Work required
Skip every picture, then write out exactly the lines of the listing below from the line that contains "Macro detail of" through the final line.

*** Block opens ***

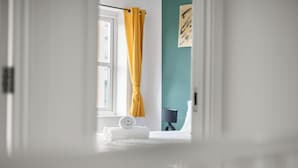 A room with a bed, a window with yellow curtains, a lamp, and a wall with a framed picture. - Drakeway House, Reading (Berkshire)
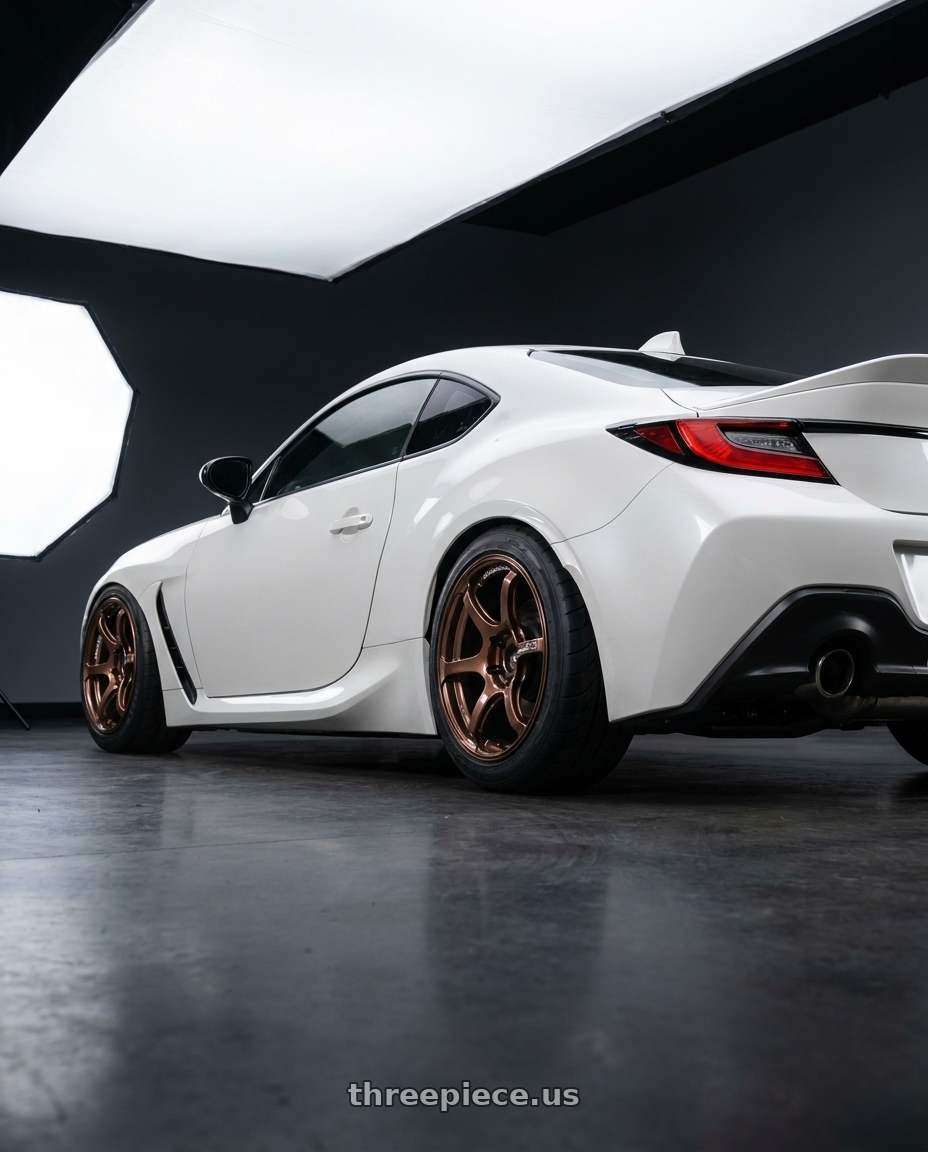 2022 Toyota GR86 with Advan Racing RG-4 5x114.3 18x9.5 +35 RACING COPPER BRONZE wheels rear three quarter view meaty tires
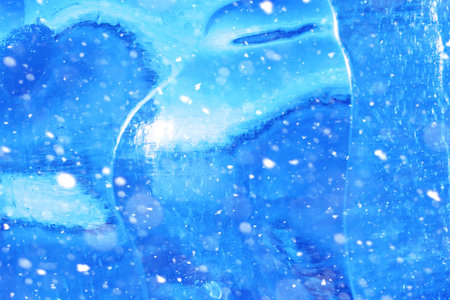 Texture of ice in winter. Pieces of frozen water on a street in the winter. The texture and texture of the frozen water in winter and outdoor.の写真素材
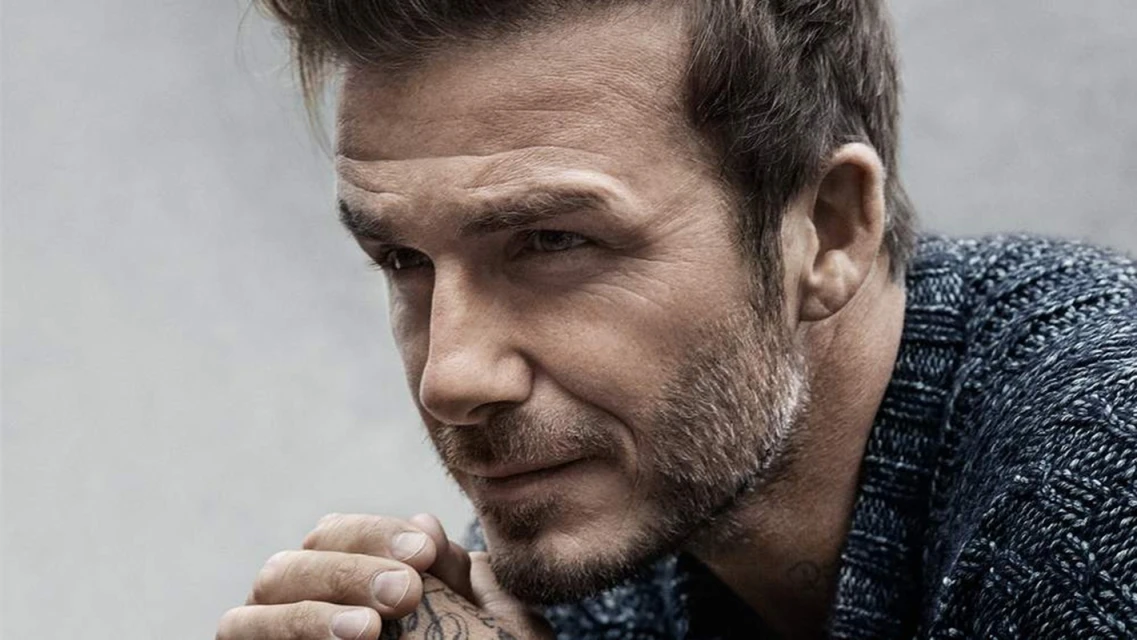 Close-up studio portrait of adult male with short dark hair, stubble beard, wearing dark knit sweater, hands clasped near chin, looking off-camera.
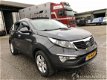 Kia Sportage - 2.0i 163pk 2wd x-ecutive panoramadak dubbel - navi - half leer - clima - cruise - tre - 1 - Thumbnail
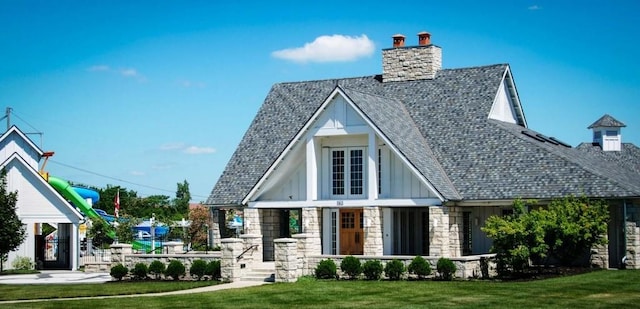 exterior space featuring stone siding, board and batten siding, a chimney, and a front lawn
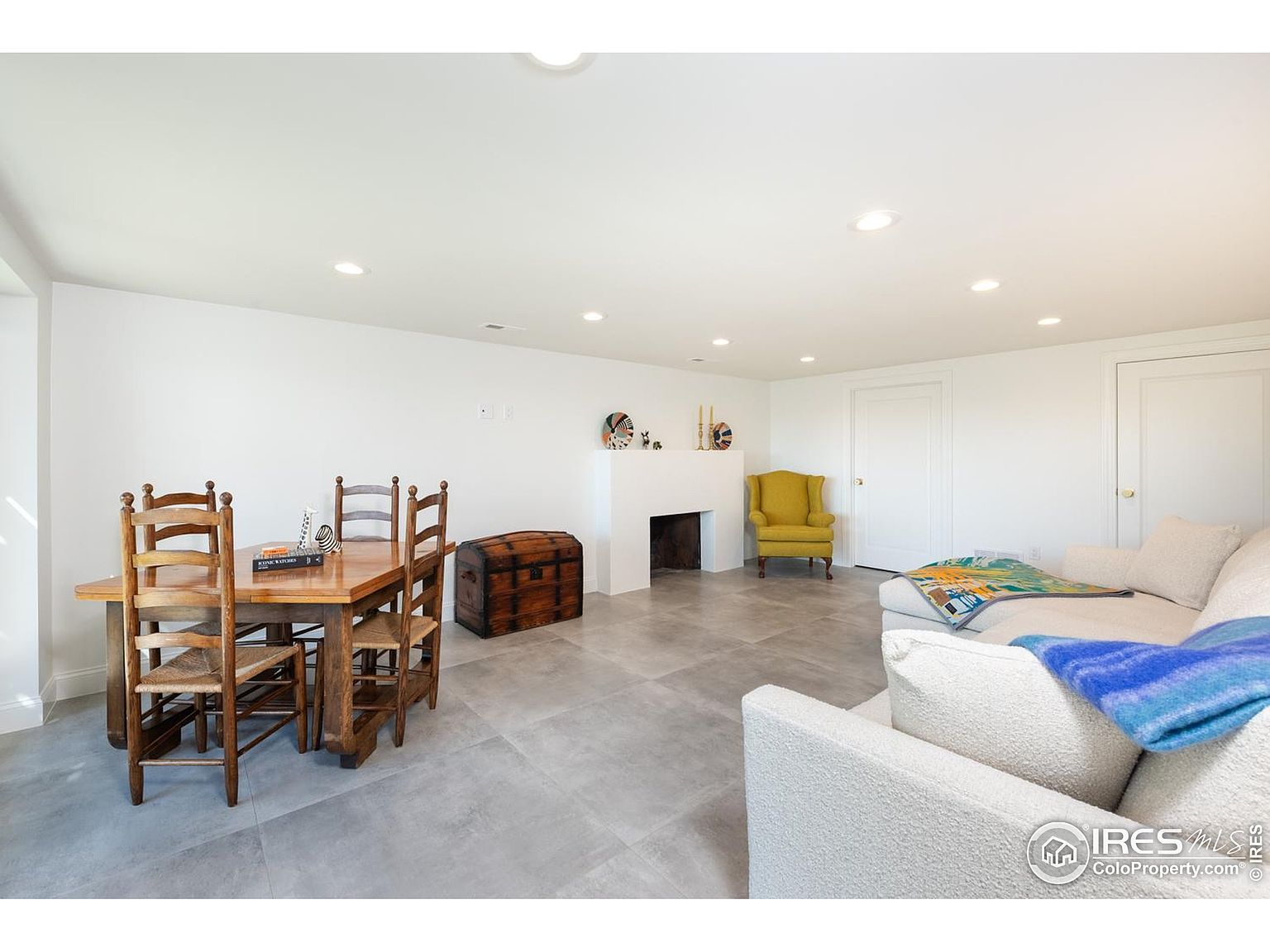 This interior shot showcases a spacious living area with a blend of rustic and modern elements. The room features a dining table with wooden chairs, a decorative chest, a white fireplace, and a comfortable-looking sofa with throw blankets. The gray tile flooring and white walls create a bright and airy atmosphere, making it an inviting space for relaxation and entertainment.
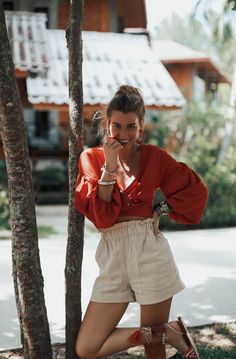 a woman standing next to a tree talking on a cell phone while wearing high heels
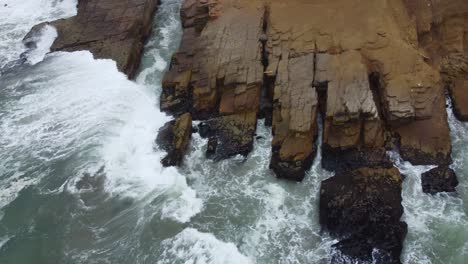 Drone-footage-of-a-rocky-outcrop-on-a-beach-in-Lima-Peru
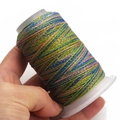 Macro detail of multi-color gradient waxed thread on a white spool for DIY crafting - 6-Strand / C329 (Blue Green Pink Gold)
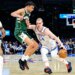 Oklahoma City Thunder guard Nikola Topić drives against Milwaukee Bucks forward Ousmane Dieng.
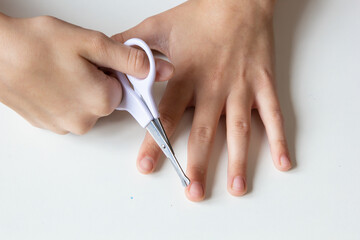 
Child cuts his fingernails with scissors on a white background. Close-up.
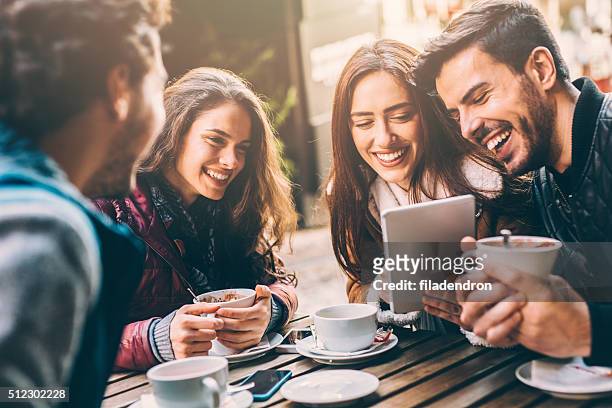 friends at the cafe - four people stock pictures, royalty-free photos & images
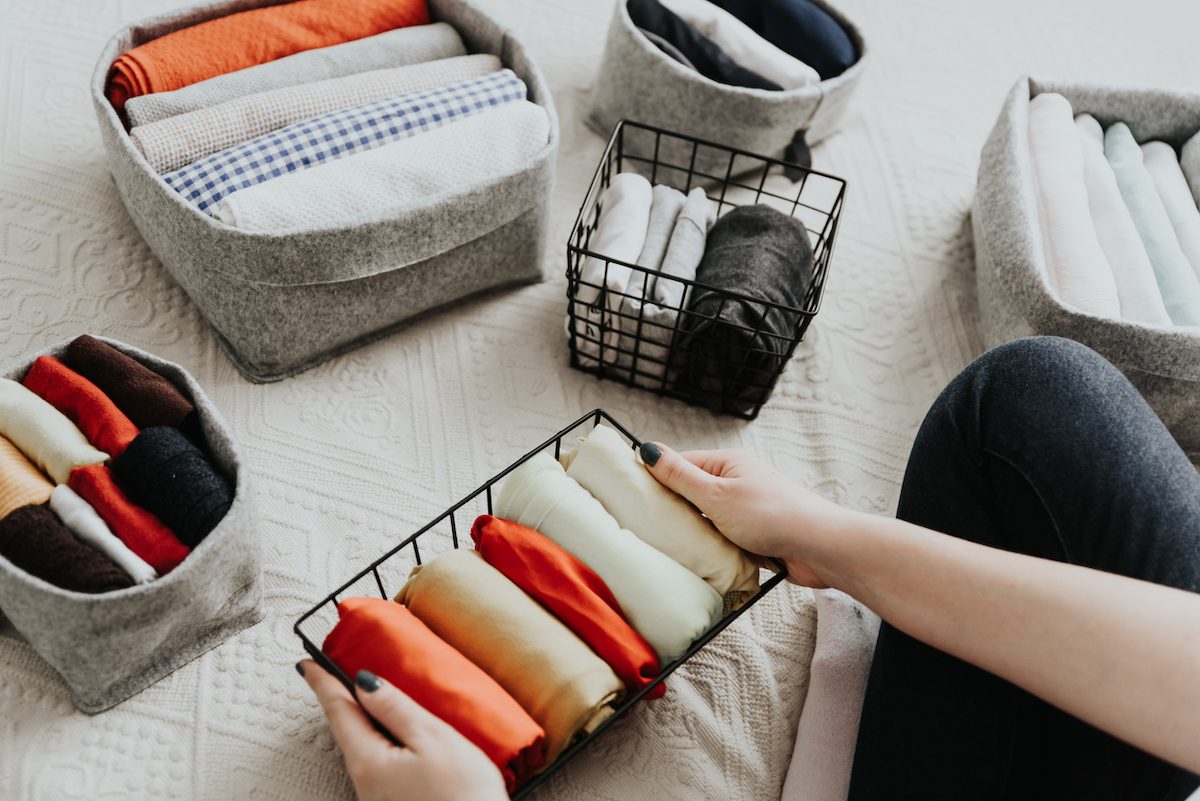 Close up of a woman organizing clothes into bins on her bed.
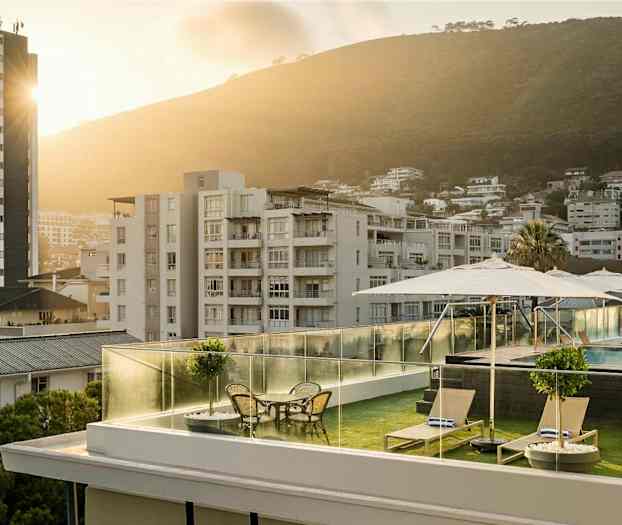 Kattoterassi aurinkotuoleineen, pöytineen ja varjoineen, taustalla uima-allas ja vehreitä kukkuloita sisältävää kaupunkimaisemaa. (Tekoälyn luoma teksti)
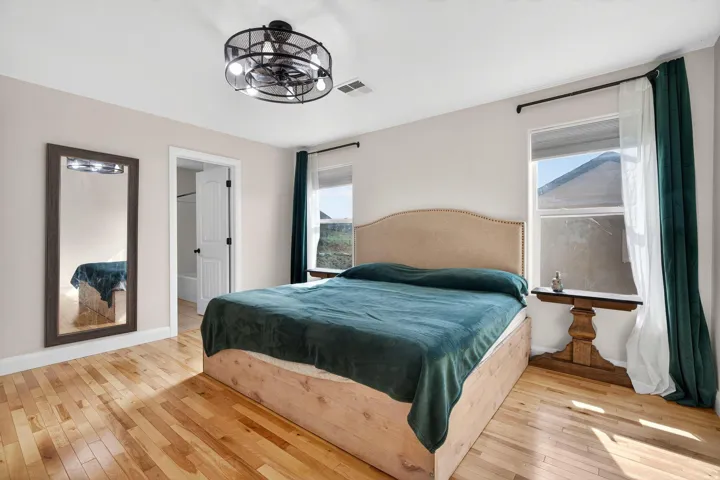 Bedroom featuring wood-finish flooring, a ceiling fan with integrated lighting, and two windows allowing for natural illumination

*** Block closes ***

Solution to this task
 Macro detail of multi-color gradient waxed thread on a white spool for DIY crafting - 6-Strand / C329 (Blue Green Pink Gold)
 Oklahoma City Thunder guard Nikola Topić drives against Milwaukee Bucks forward Ousmane Dieng.
Child cuts his fingernails with scissors on a white background. Close-up.
 friends at the cafe - four people stock pictures, royalty-free photos & images
 Close up of a woman organizing clothes into bins on her bed.
 Kattoterassi aurinkotuoleineen, pöytineen ja varjoineen, taustalla uima-allas ja vehreitä kukkuloita sisältävää kaupunkimaisemaa. (Tekoälyn luoma teksti)
 Bedroom featuring wood-finish flooring, a ceiling fan with integrated lighting, and two windows allowing for natural illumination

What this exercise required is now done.